Selain keterampilan hidroponik juga ada pelatihan lain seperti menjadi barista, menjahit juga membuat kue dan roti.
Banyak warga yang tertarik ikut pelatihan hidroponik, karena selain relatif mudah dan tak perlu modal atau area yang luas. “Awalnya coba dengan satu meja dulu, eh ternyata bisa mendapatkan Rp 1 juta. Wah lumayan juga, sejak itu saya semakin serius untuk mengembangkan dan mengajak teman-teman lain, yang warga sekitar sebanyak 12 orang,” ujar Sri.
Kemudian para petani yang tergabung dalam Kelompok Hidroponik Nusantara memasarkan sendiri hasil kebunnya ke pasar Sepaku. Awalnya para pedagang menolak, karena harganya cukup tinggi dibandingkan sayuran yang non-hidroponik.

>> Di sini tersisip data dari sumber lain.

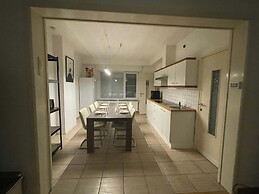 Huswell - Lovely Retreat for 4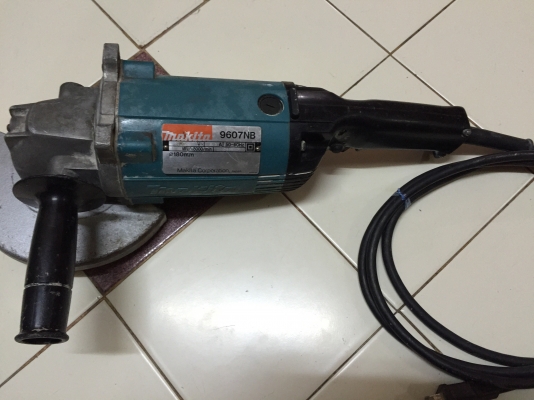 ขายลูกหมูหินเจียขนาดใบ7นิ้วสภาพสวยๆยี่ห้อMakitaรุ่น9607NBของแท้ๆผลิตที่ญี่ปุ่นครับ ขายลูกหมูหินเจียขนาดใบ7นิ้วสภาพสวยๆยี่ห้อMakitaรุ่น9607NBของแท้ๆผลิตที่ญี่ปุ่นครับ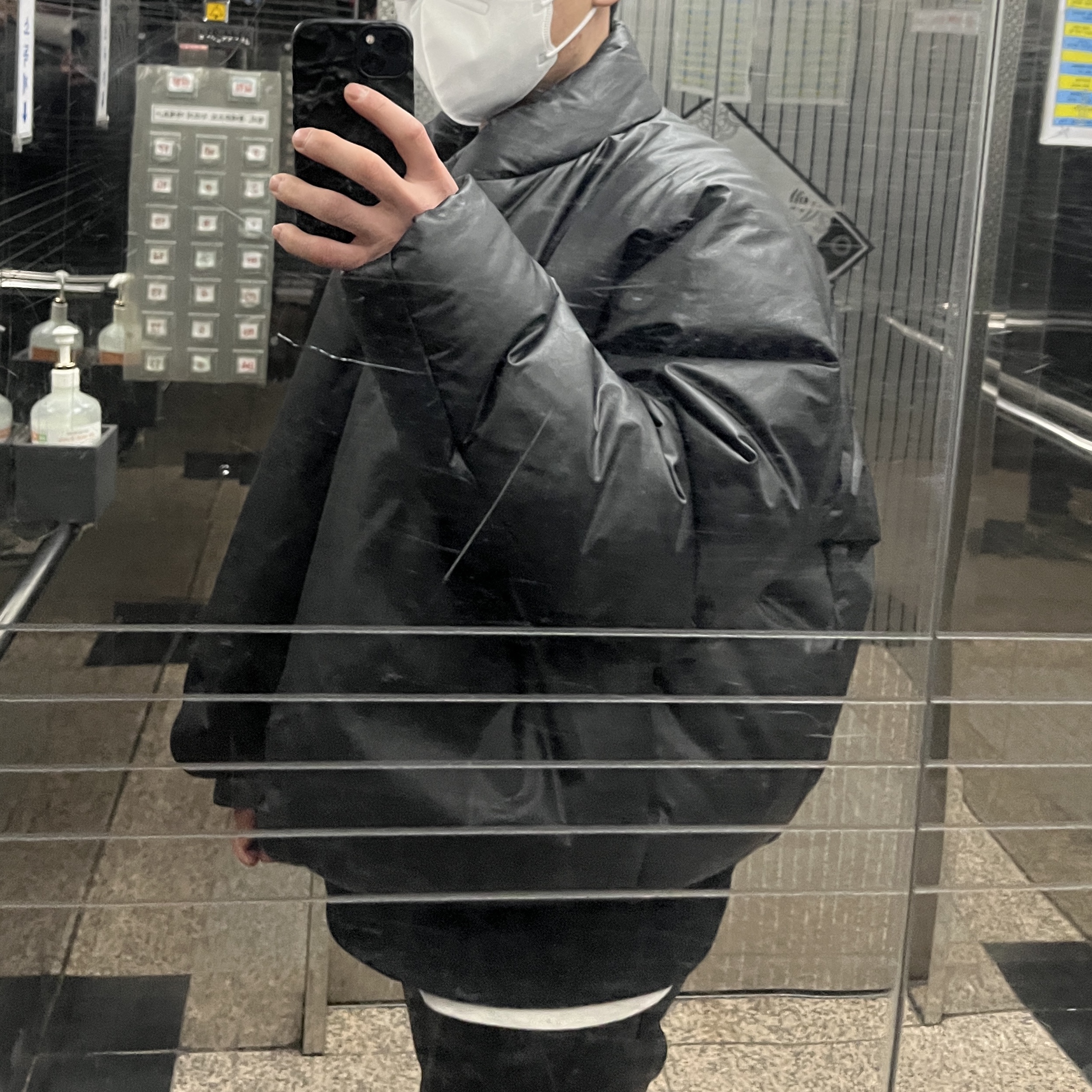 Yeezy Gap Round Jacket Black 착용 스타일 - 1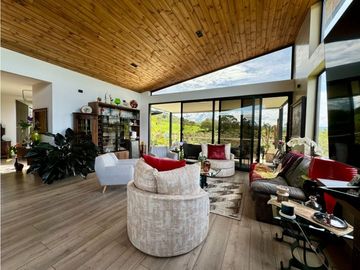 Vendo hermosísima casa Campestre vereda el Capiro, Rionegro
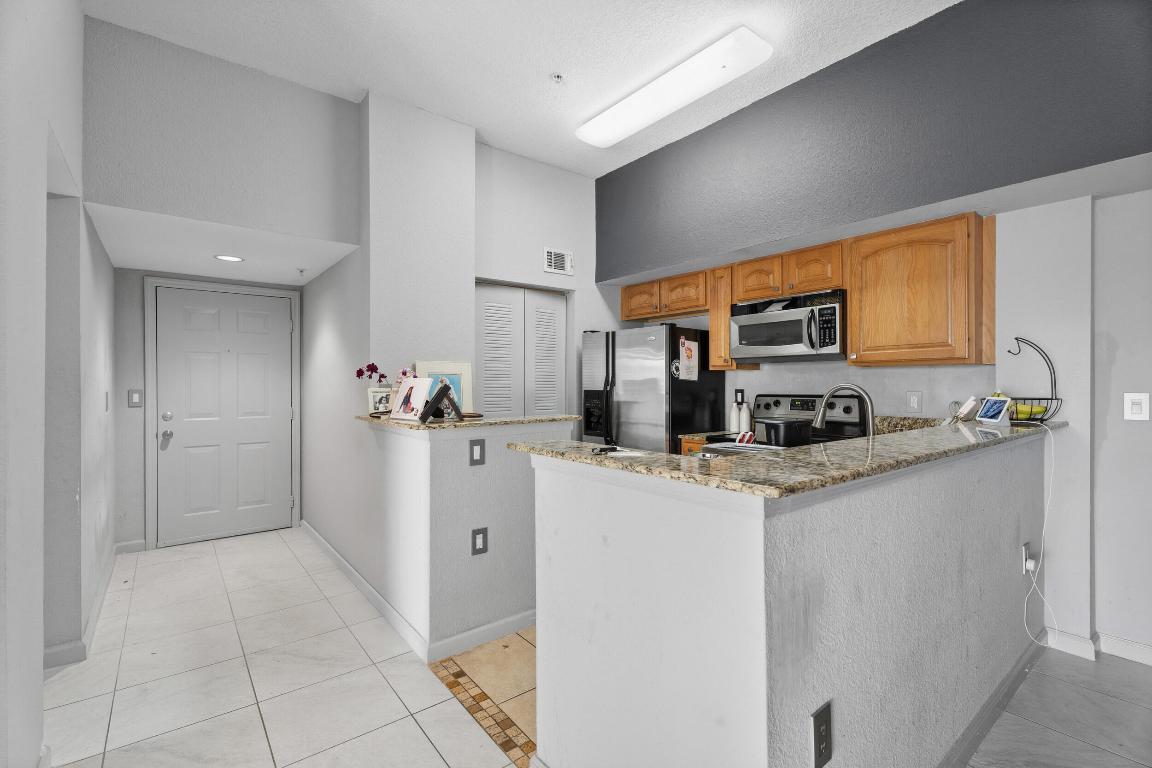 271 SW Palm Drive 304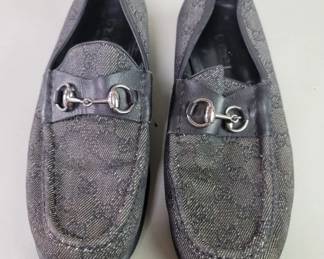 Lot # : 410 - Gucci fabric shoes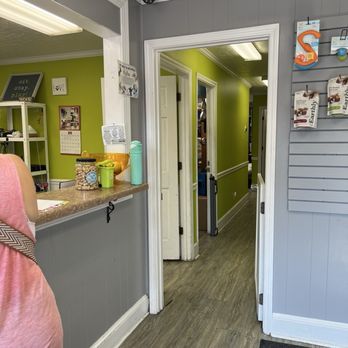 One Lucky Pup - Northlake - Check in/out counter. - Pet Boarding Near Me - Charlotte, North Carolina One Lucky Pup - Northlake - Check in/out counter. - Pet Boarding Near Me - Charlotte, North Carolina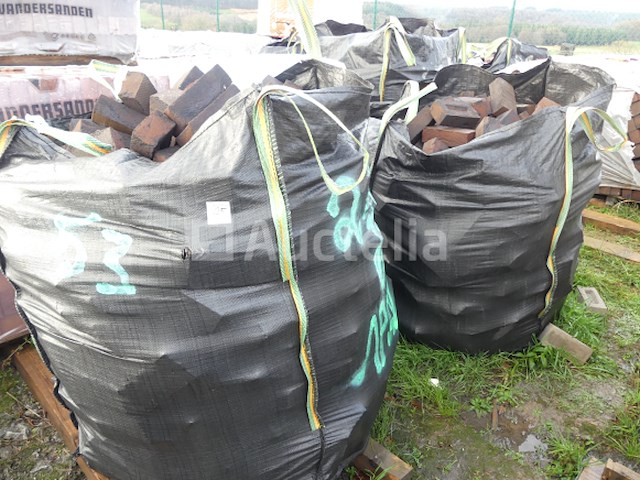 2000 zwarte bruinbist nelissen bakstenen - afbeelding 6 van  6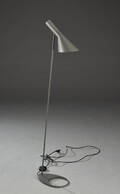 Arne Jacobsen. AJ standerlampe, grålakeret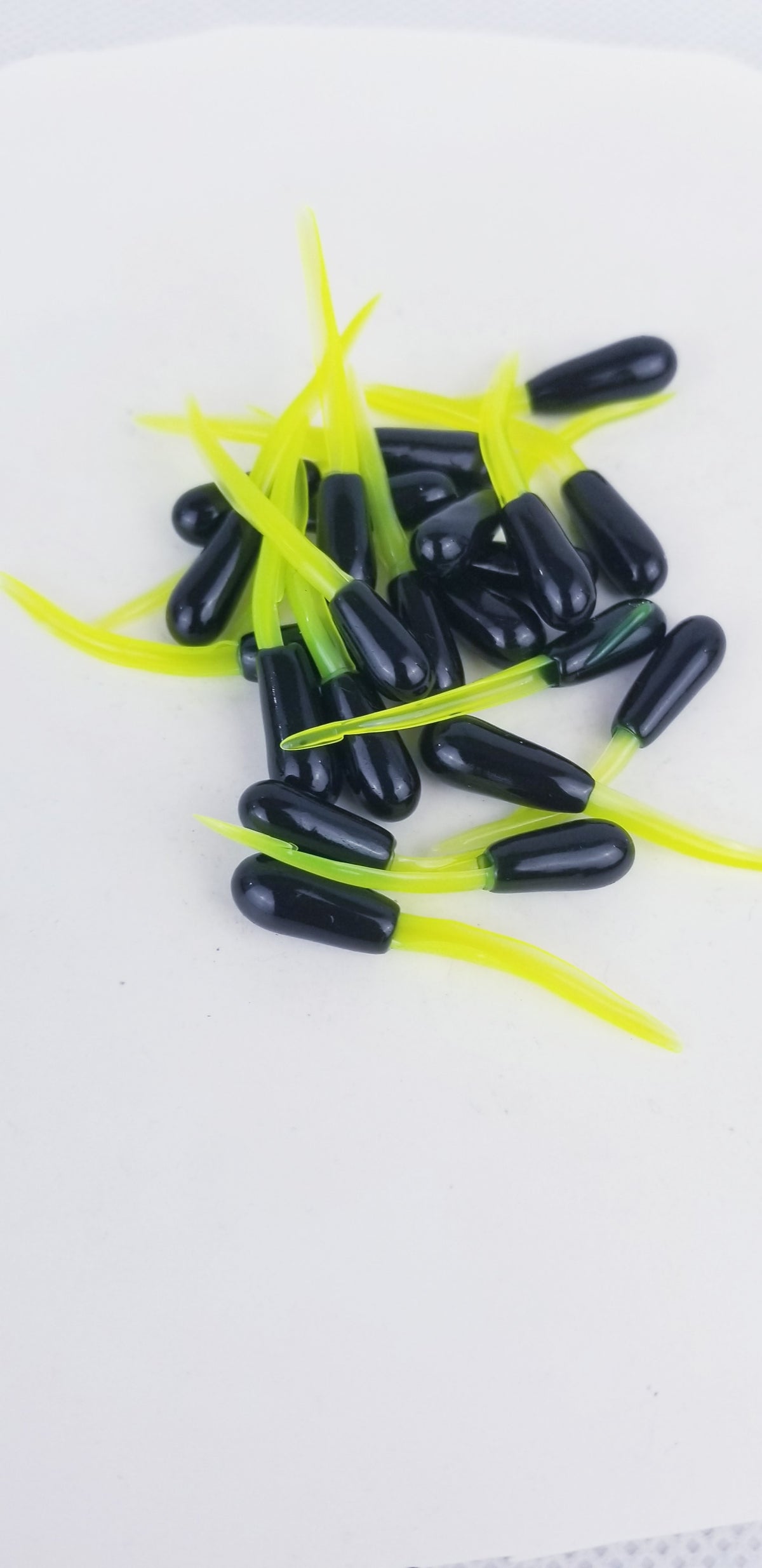 40 ct 1.5" Cam's KILLER STINGER "BLACK & CHARTREUSE" MINNOWS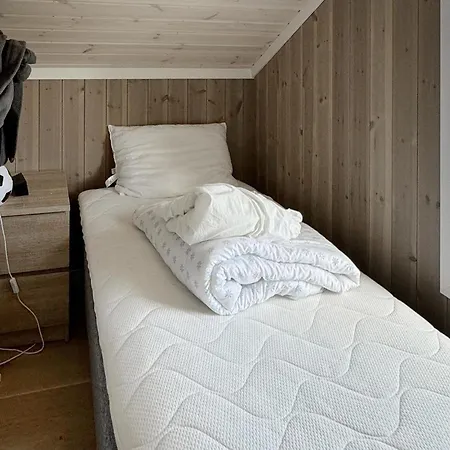 Дом отдыха 4 Bedroom Lovely In Faervik
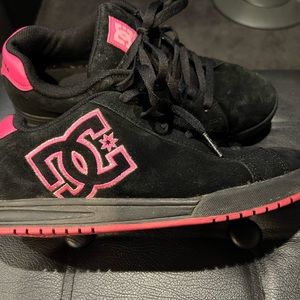 DC Women’s 9.5 black Suede Skate Shoe DCShoeCoUSA Black/Pink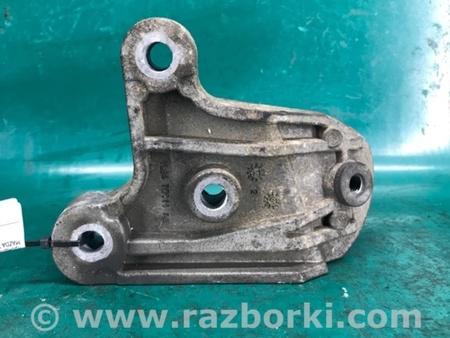 ФОТО Кронштейн крепления КПП для Mazda Tribute Киев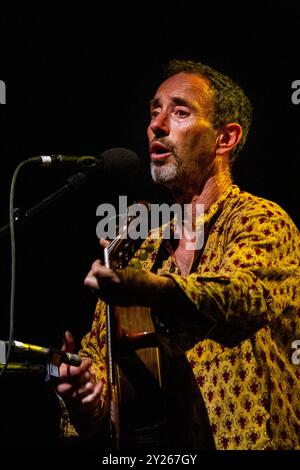 JONATHAN RICHMAN, KONZERT, GREEN MAN FESTIVAL 2012: Musiklegende Jonathan Richman live auf der Far Out Stage beim Green man Festival 2012 im Glanusk Park, Brecon, Wales, August 2012. Foto: Rob Watkins. INFO: Jonathan Richman ist ein US-amerikanischer Singer-Songwriter, der für seinen minimalistischen, herzlichen Stil und seine charmanten, oft skurrilen Texte bekannt ist. Als Frontmann der Modern Lovers und in seiner Soloarbeit verbindet er Rock, Folk und Pop und erforscht Themen wie Unschuld, Liebe und Alltag. Stockfoto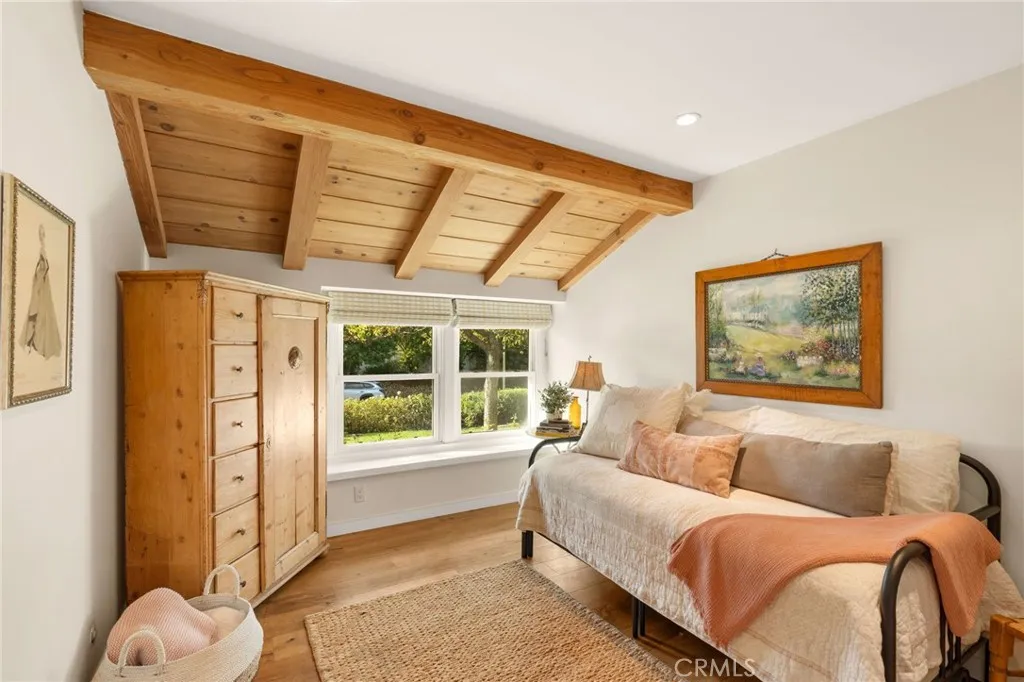 23843 Crosson Drive, Woodland Hills, California 91367 home-pic-15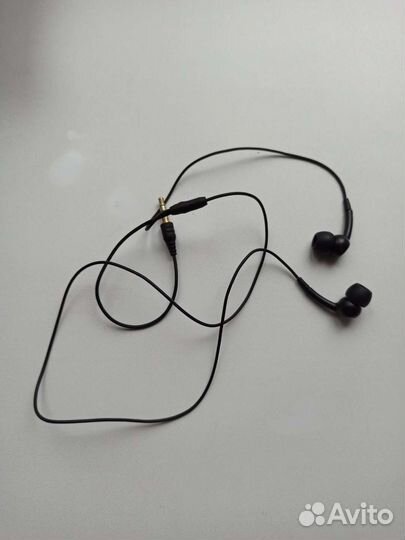 Наушники Sony Ericsson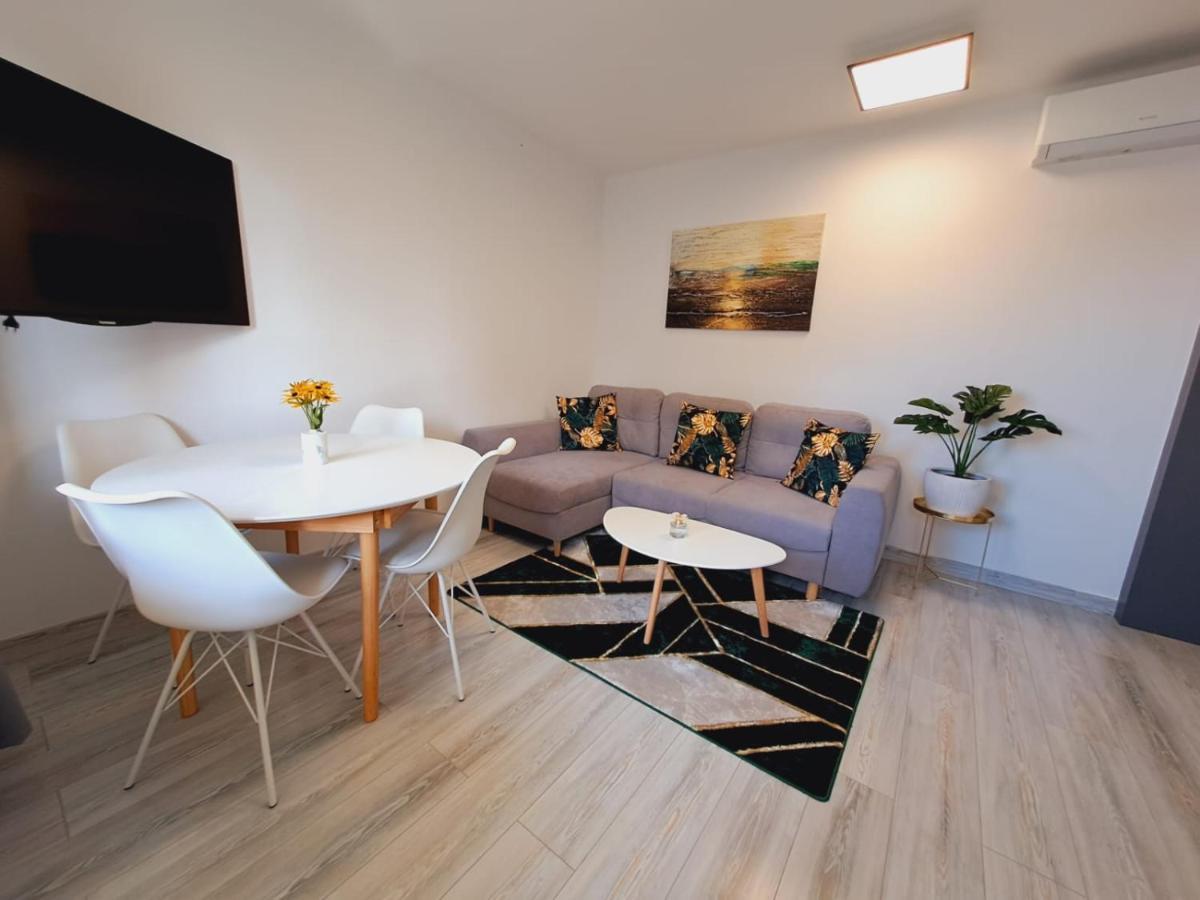 Limanowa Sunriser Apartment المظهر الخارجي الصورة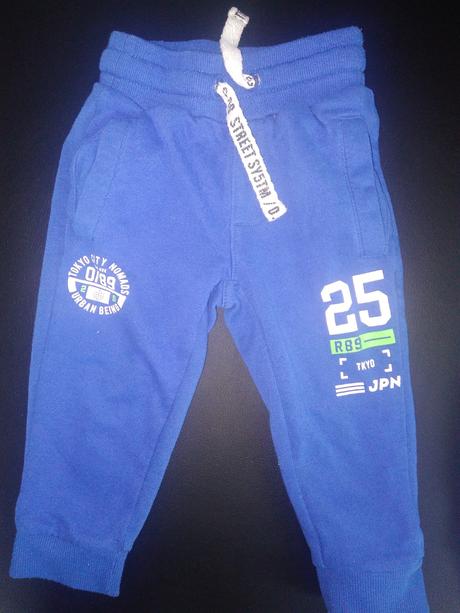 2x teplaky, reserved,92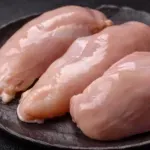 Da li pranje sirove piletine prije prženja donosi više štete nego koristi?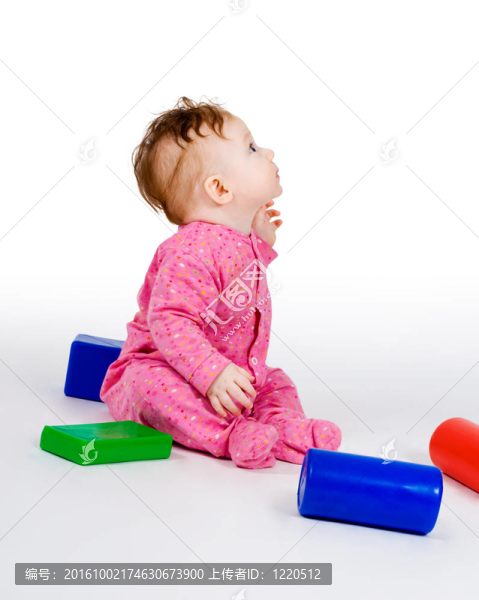 帶玩具積木的嬰兒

Para petani menjualnya seharga Rp 8 ribu per pak, isinya sayuran dari 3-4 lubang tanam. Namun lambat laun, hasil kebunnya diterima dan laris. Bahkan kesulitan memenuhi permintaan pasar.
Menurut Sri, seiring dengan pesatnya pembangunan Nusantara semakin banyak pekerja yang datang membuat kebutuhan sayuran meningkat. Inilah yang membuat sayurannya selalu habis.
“Padahal potensi pasar masih besar, ada kebutuhan salada di Balikpapan yang belum bisa dipenuhi, ada permintaan 100-200 pak setiap hari,” ujarnya.
“Alhamdulillah, baru dapat tambahan modal dari perusahaan BUMN, jadi saya bisa menambah greenhouse bersama teman-teman kelompok,” katanya bersemangat.